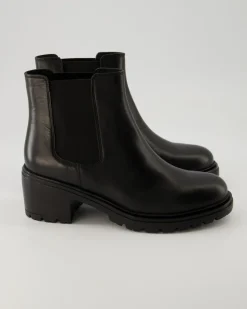 New Asheel Chelsea Boots in Schwarz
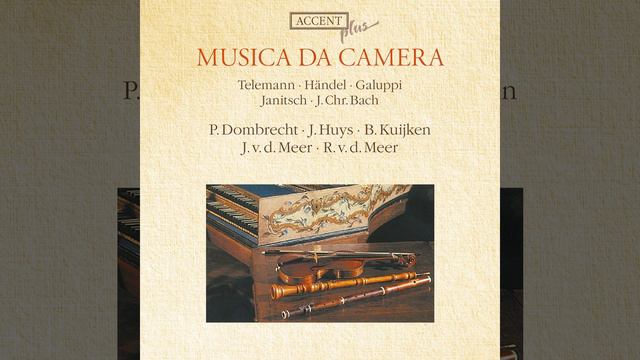 Concerto a quattro in D Minor (Attrib. G.F. Telemann) : IV. Allegro смотреть онлайн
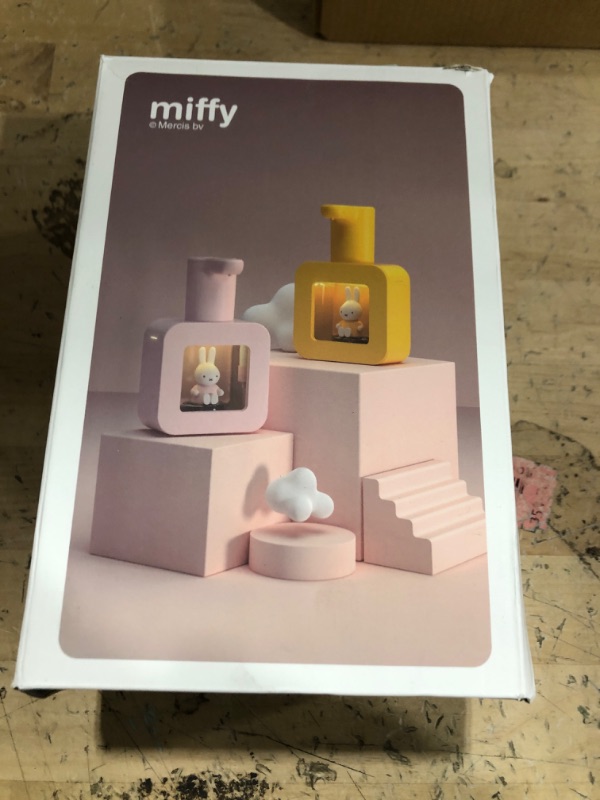 Photo 1 of Miffy Automatic Hand Soap Dispenser (Yellow)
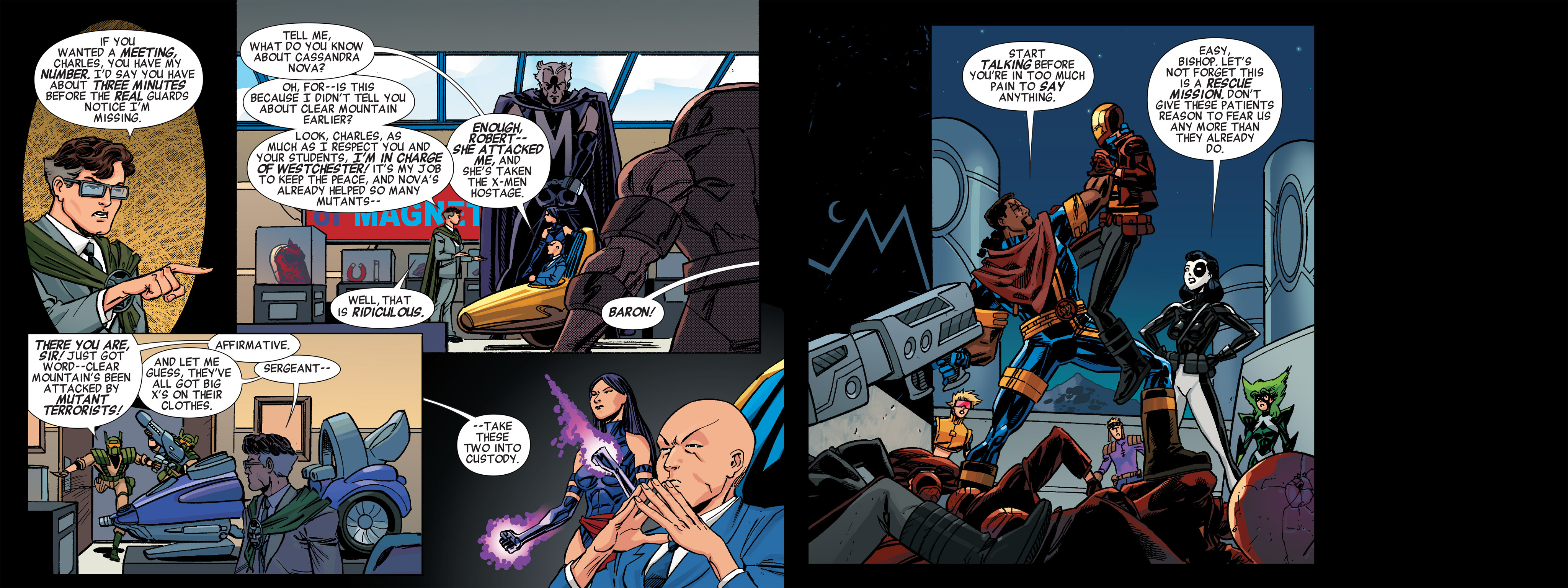 Read online X-Men '92 (2015) comic -  Issue # TPB (Part 4) - 72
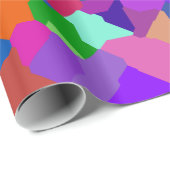 Groot Tegel inpakpapier (Rol Hoek)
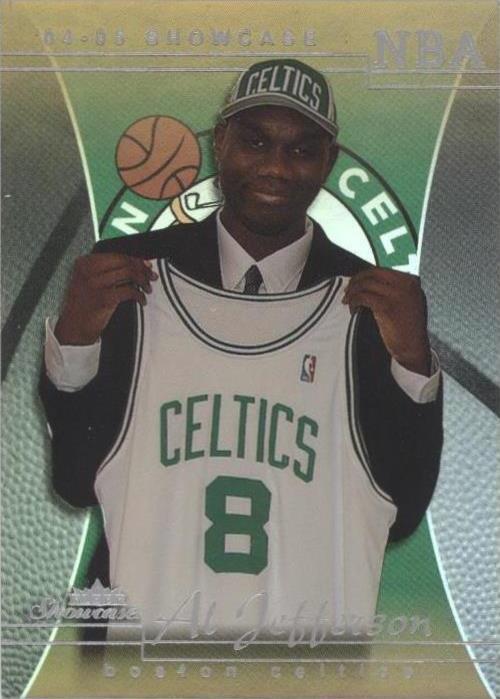Vitrina Fleer 2004-05 - Al Jefferson #105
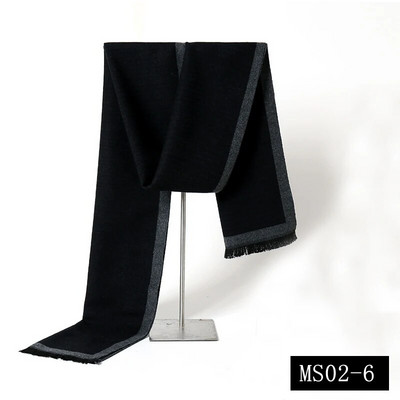 2022. Novi modni karirani muški šalovi Jesen Zima Pashmina Debeli topli šal od kašmira Muški poslovni dugi omoti Klasični šal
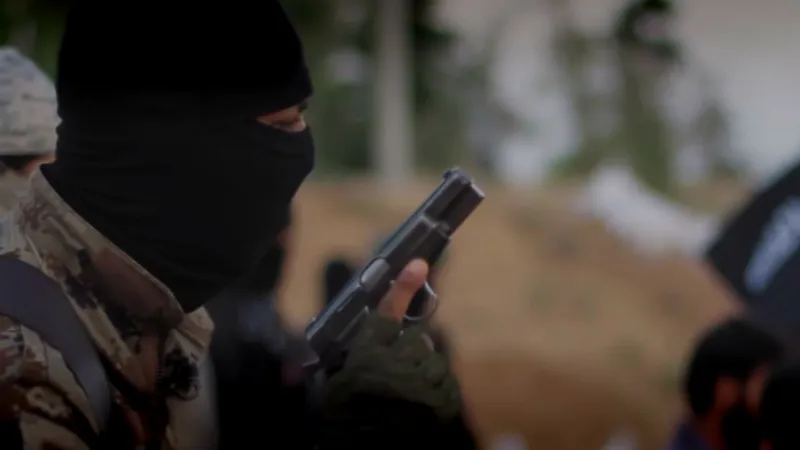 Flames of War – propagandistické video Islámského státu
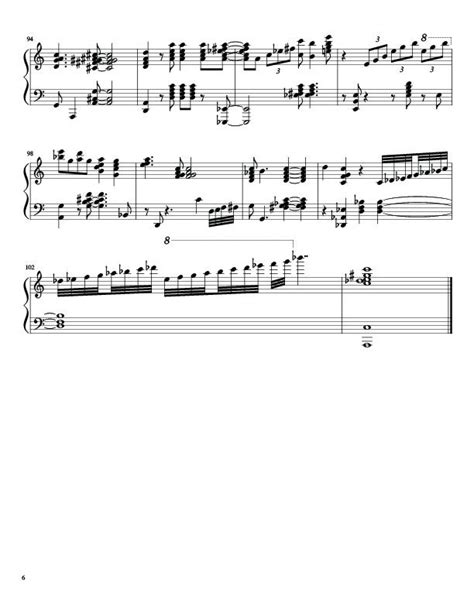 Fly Me to the Moon Piano Sheet Music Full Piano Arrangement Digital ...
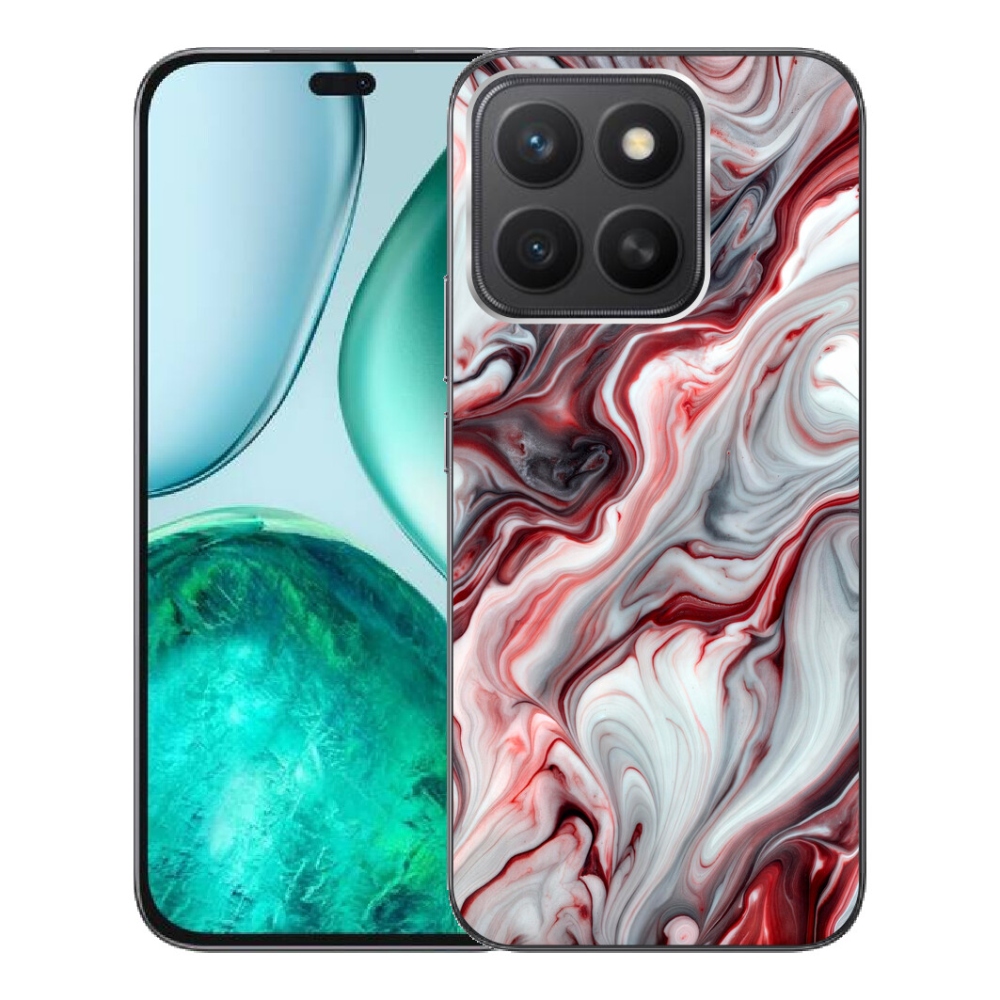 Gélový kryt mmCase na Honor X8c - abstraktný motív 64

◆ Exercise requirements: Leaving the pictures out, print every line of the listing exactly.

◆ Answer to the problem:
 New Asheel Chelsea Boots in Schwarz
 Concerto a quattro in D Minor (Attrib. G.F. Telemann) : IV. Allegro смотреть онлайн
 Photo 1 of Miffy Automatic Hand Soap Dispenser (Yellow)
 Read online X-Men '92 (2015) comic -  Issue # TPB (Part 4) - 72
 Groot Tegel inpakpapier (Rol Hoek)
Vitrina Fleer 2004-05 - Al Jefferson #105
 2022. Novi modni karirani muški šalovi Jesen Zima Pashmina Debeli topli šal od kašmira Muški poslovni dugi omoti Klasični šal
 Flames of War – propagandistické video Islámského státu
 Fly Me to the Moon Piano Sheet Music Full Piano Arrangement Digital ...
 Gélový kryt mmCase na Honor X8c - abstraktný motív 64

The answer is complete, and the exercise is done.